Many families, communes, and kibbutzes demonstrate a successful kind of anarcho-communism—there is a high degree of trust, and individuals get along through mutual aid and without formal codes. One explanation is to consider that the ad-hoc coordination exhibited in small groups works because of a kind of empathic simulation. Each individual has a highly accurate predictive model of social interaction within the group; given virtually any scenario and a subgroup, an individual can simulate how the subgroup will react to the situation. I speculate that the ability to accurately anticipate behavior is the essence of “trust”. (This sentiment seems core to expressions like “I don’t like him, but I trust him”).

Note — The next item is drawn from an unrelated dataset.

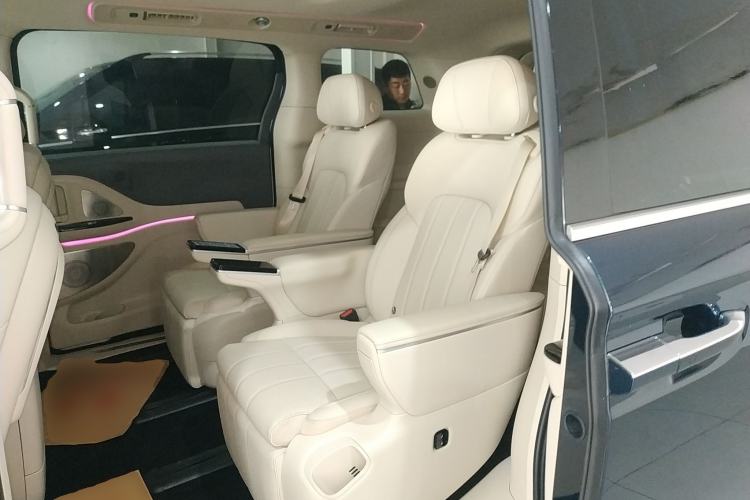 Used VOYAH Dream 2025 PHEV Four-Wheel Drive Prestige Kunpeng Edition
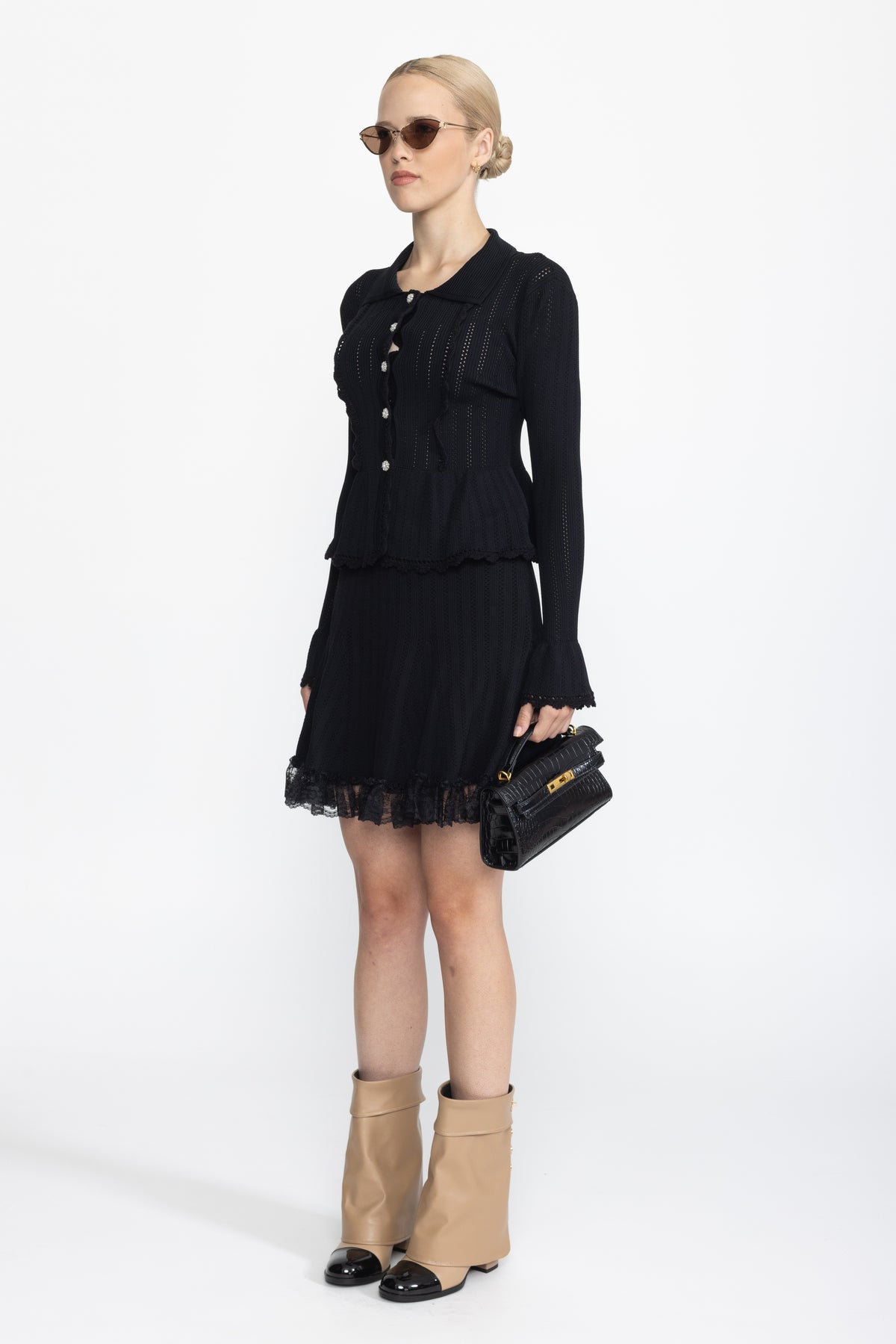 Completo coordinato con cardigan peplo in maglia pointelle e gonna con orlo in pizzo - Nero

However, we see empirically that the social cohesion of unstructured groups tends to dissolve as the number of members exceeds about 150. Robin Dunbar’s research on primate brain size and social groups suggests that these problems are due to fundamental cognitive limits on Homo sapiens ability to process information. This makes sense given the model of trust presented above. As the number of members in the group increases, the size of the set of possible interactions undergoes a combinatorial explosion. At some point, the cognitive load to grok it is too much. At this point, group trust sharply decreases. As simple experiments in game theory show, trustless coordination is expensive. More is different.

Mediated trust

The solution to trust and coordination problems is the introduction of external structures to mediate the interaction. For example, the prisoners dilemma is easily solved in the real world by two key mediators:

  1. The mob boss, who decrees that finks will sleep with the fishes

  2. The mobster’s code, which suggests that “snitches get stitches”

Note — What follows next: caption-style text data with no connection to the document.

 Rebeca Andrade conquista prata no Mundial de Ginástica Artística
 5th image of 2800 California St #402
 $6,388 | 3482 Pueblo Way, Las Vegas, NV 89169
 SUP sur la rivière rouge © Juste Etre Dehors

Each of these structures creates a kind of transitive trust for the prisoners. The mob boss has a monopoly on use of force; since his decrees have guaranteed enforcement, he can trust anyone to do what he says. Since Prisoner A trusts the outcome of the mob boss’s decree, and the mob boss trusts that Prisoner B must do as he says, Prisoner A can trust Prisoner B not to rat. Likewise with the mobster’s code. More generally, these two structures can be thought of as analogous to government fiat (centralized enforcement) and culture (distributed enforcement). Each structure takes a complex web of interactions and flattens it into a simple set of rules—hence the term, “social interface”.

Different interfaces, different advantages

The level of formality and mechanism of enforcement of these social interfaces create tradeoffs. A very formal social interface (a written law or code of conduct) is clearly understood and enforced. However, a less formal social interface (a culture) permits more nuance and adaptation to changing circumstances. Central enforcement creates common understanding and prevents vigilantism. Distributed enforcement may be more specialized to local circumstances.

It is also interesting to consider that some styles of social interfaces may be more stable at different group sizes. What kinds of interfaces scale? Which ones don’t?

Multilevel coordination

Distance and varied systems introduce friction and reduce trust. Local communities typically have high-trust relationships because of common culture and higher accountability for local externalities (the “don’t shit where you eat” principle). Trust is lower between more distant polities. Culture and legal structures differ more. Individuals have a less predictive mental model for behavior. Federated models are necessary.

Impersonal and Unequal

It seems clear that for humans to collaborate at the massive scales that we do today, we need social interfaces that simplify the ever-more-complex trust issues that have emerged. However, there are also clear problems with the interfaces we have today. Creating interfaces that are consistent means the circumstances of individuals have to be abstracted away. Enforcement of interfaces traditionally requires monopoly on force, which means that hierarchies must be created and some individuals are given more power. As our societies become larger, they seem to create more inequality and social alienation.

What comes next?

Past innovations have let us coordinate beyond our individual cognitive limits. Some argue that the written word built ancient empires and that the printing press empowered nation-states. We now have a global internet, instant video call, and trustless distributed ledgers. Some LWers are thinking about prediction markets. Scott Alexander has posted a number of interesting thought experiments in alternative governance.

What failed ideas were just too early? What new and better social modes can we create?